Hi Agnes, please introduce yourself to the Zindi community.
My names are Agnes Mueni (Pandas) from Nairobi, Kenya. I am a recent graduate from Moringa School in Nairobi. I am an aspiring data scientist who's passionate about converting data into smart strategies and finding solutions to problems that aim at improving or changing situations for the better. I aspire to be an industry expert that others can approach for help or strategies and help them improve their businesses by solving problems with a positive attitude.
Tell us a bit about your data science journey.
I stumbled upon data science when doing my thesis and after doing further research on it, I learnt that I can be able to perform data analysis and analytics as well as gather impactful insights and this propelled me into taking a Data Science course at Moringa School.
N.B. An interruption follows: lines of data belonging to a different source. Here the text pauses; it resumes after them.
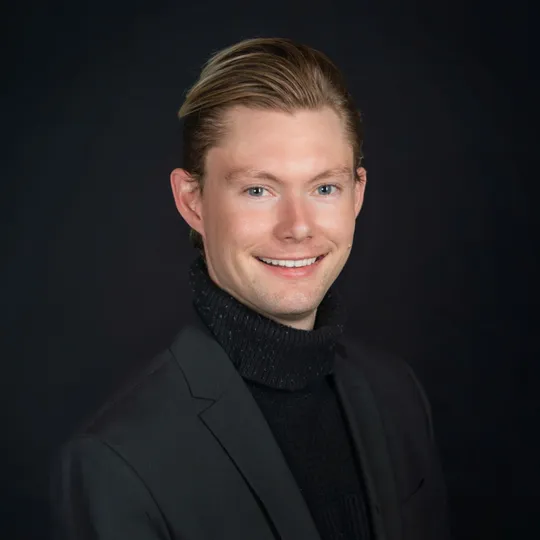 Bryce Buchanan, Agent in  - Compass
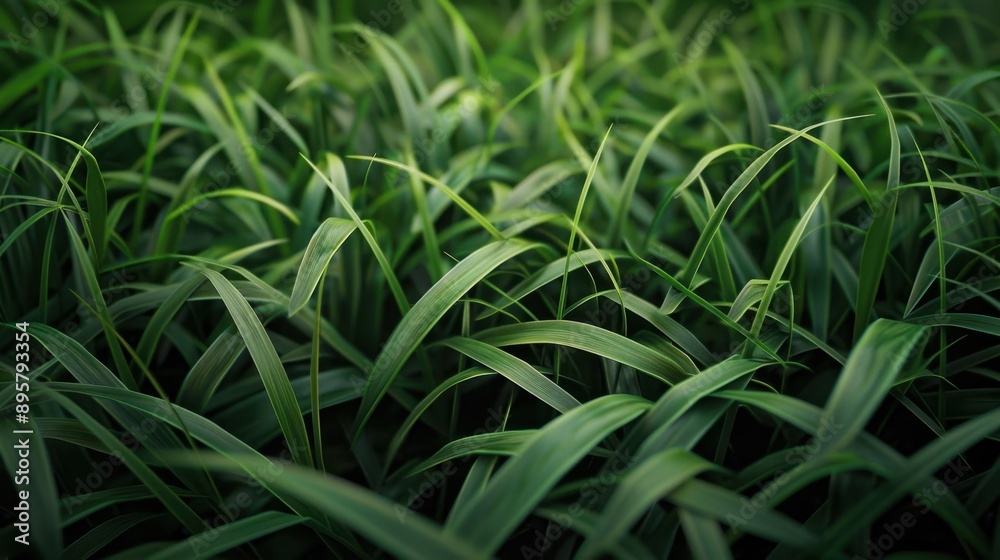 The Lush Green Grass The Lush Green Grass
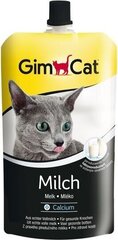 GimCat Cat Milk piens kaķiem 200 ml цена и информация | Лакомства для кошек | 220.lv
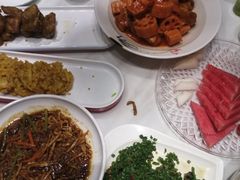 -刘胖子家常菜·蹄花焖藕(中南店)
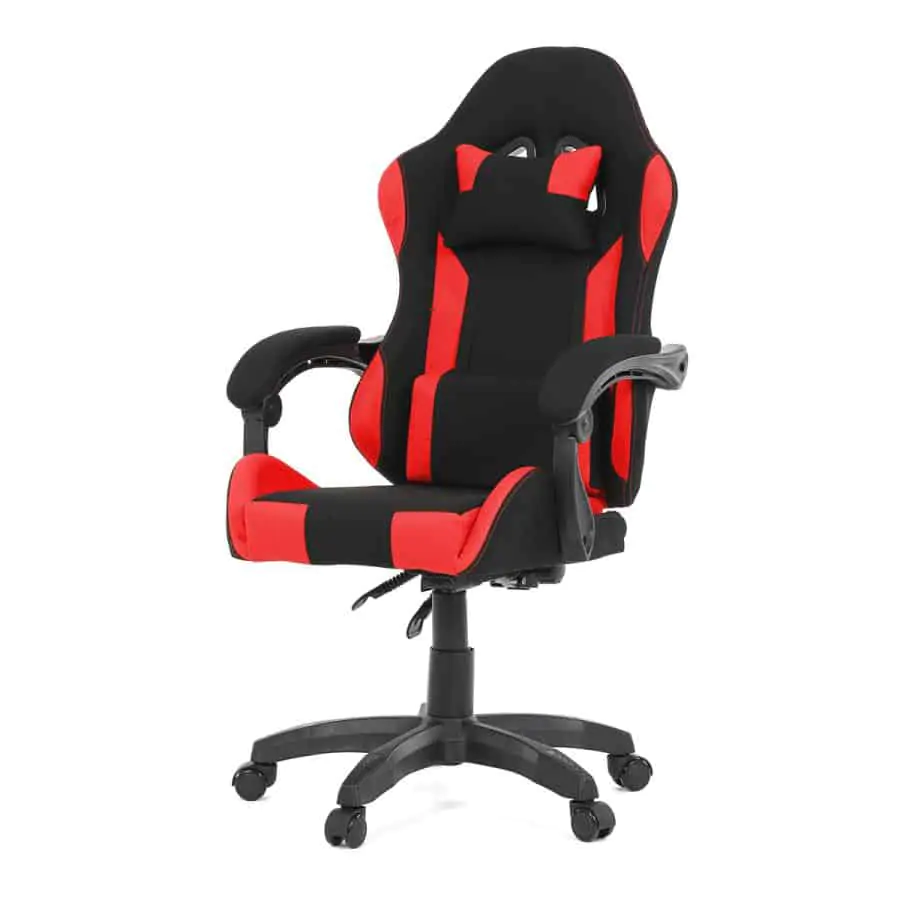 Levně Autronic Herní křeslo KA-R209 RED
I completed the course last year and since then I have done a number of projects revolving around data science as well as participating in competitions and this has helped me improve on my skills a whole lot.
What do you like about competing on Zindi?
Zindi has provided a good platform where aspiring data scientists as well as experienced ones can put their skills into action to provide solutions to existing problems. Personally, I have gained a lot from Zindi in my data science journey as I am gaining confidence in the field to tackle problems with data. I am fascinated by the way data is proving to be a real asset for most organizations, whereby most solutions can be generated from the right data.
Tell us about your solution for the Zimnat Insurance Recommendation Challenge.
I approached the challenge as a multi-classification problem:
- Wrangled and manipulated the training set to be similar to the test set, i.e. for every observation I removed one product and set the removed product as the target.
- Dropping duplicated customers didn’t help
- Dropping missing values didn’t help. Filled the missing values with mean
- Dropping outlier customers, i.e. customers with more than 8 products didn’t help
- Sum of total products purchased by each customer
- Age of customer, i.e. 2020 minus the birth year
- Date features – year, month and week of joining
- Product combinations of factor two, product combinations of more than two products didn’t help
- Used one hot encoding for all categorical features
- A blend of Catboost and Lightgbm gave the lowest loss
- Catboost was trained on GPU across 10 seeds, and predictions averaged
- Lightgbm was trained across five random states using five folds of customer groups
What do you think set your approach apart?
For competitions, a robust validation strategy is a necessity. Its challenging, but not relying on the leaderboard and trusting your local validation score is very important.